Mazumdar M, Glassman J R
Division of Epidemiology and Biostatistics, Memorial Sloan-Kettering Cancer Center, 1275 York Avenue, New York, NY 10021, USA.
Stat Med. 2000 Jan 15;19(1):113-32. doi: 10.1002/(sici)1097-0258(20000115)19:1<113::aid-sim245>3.0.co;2-o.

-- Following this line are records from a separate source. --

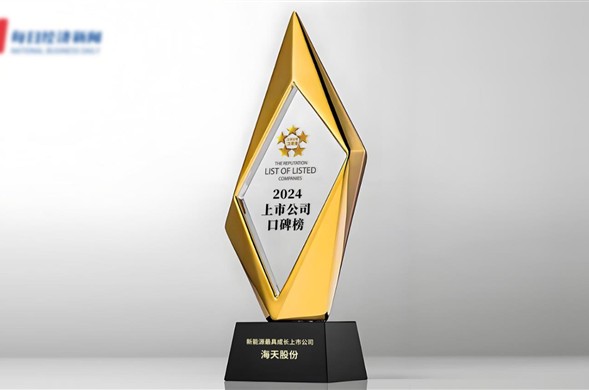 行业唯一！尊龙凯时股份荣获2024第十四届中国上市公司口碑榜“新能源最具生长上市公司”奖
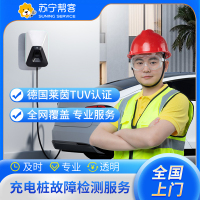 汽车充电桩故障检测 上门检测 【苏宁帮客官方】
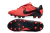 Chuteira Nike Premier 3 Campo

Categorizing prognostic variables is essential for their use in clinical decision-making. Often a single cutpoint that stratifies patients into high-risk and low-risk categories is sought. These categories may be used for making treatment recommendations, determining study eligibility, or to control for varying patient prognoses in the design of a clinical trial. Methods used to categorize variables include: biological determination (most desirable but often unavailable); arbitrary selection of a cutpoint at the median value; graphical examination of the data for a threshold effect; and exploration of all observed values for the one which best separates the risk groups according to a chi-squared test. The last method, called the minimum p-value approach, involves multiple testing which inflates the type I error rates. Several methods for adjusting the inflated p-values have been proposed but remain infrequently used. Exploratory methods for categorization and the minimum p-value approach with its various p-value corrections are reviewed, and code for their easy implementation is provided. The combined use of these methods is recommended, and demonstrated in the context of two cancer-related examples which highlight a variety of the issues involved in the categorization of prognostic variables.
对预后变量进行分类对于其在临床决策中的应用至关重要。通常会寻找一个单一的切点,将患者分为高风险和低风险类别。这些类别可用于提出治疗建议、确定研究资格,或在临床试验设计中控制不同患者的预后。用于对变量进行分类的方法包括:生物学判定(最理想但通常不可用);在中位数处任意选择一个切点;对数据进行图形检查以寻找阈值效应;以及根据卡方检验探索所有观察值,找出最能区分风险组的那个值。最后一种方法,称为最小p值法,涉及多重检验,这会使I型错误率膨胀。已经提出了几种调整膨胀p值的方法,但仍很少使用。本文回顾了分类的探索性方法以及带有各种p值校正的最小p值法,并提供了便于实施的代码。建议联合使用这些方法,并在两个与癌症相关的例子中进行了演示,这些例子突出了预后变量分类中涉及的各种问题。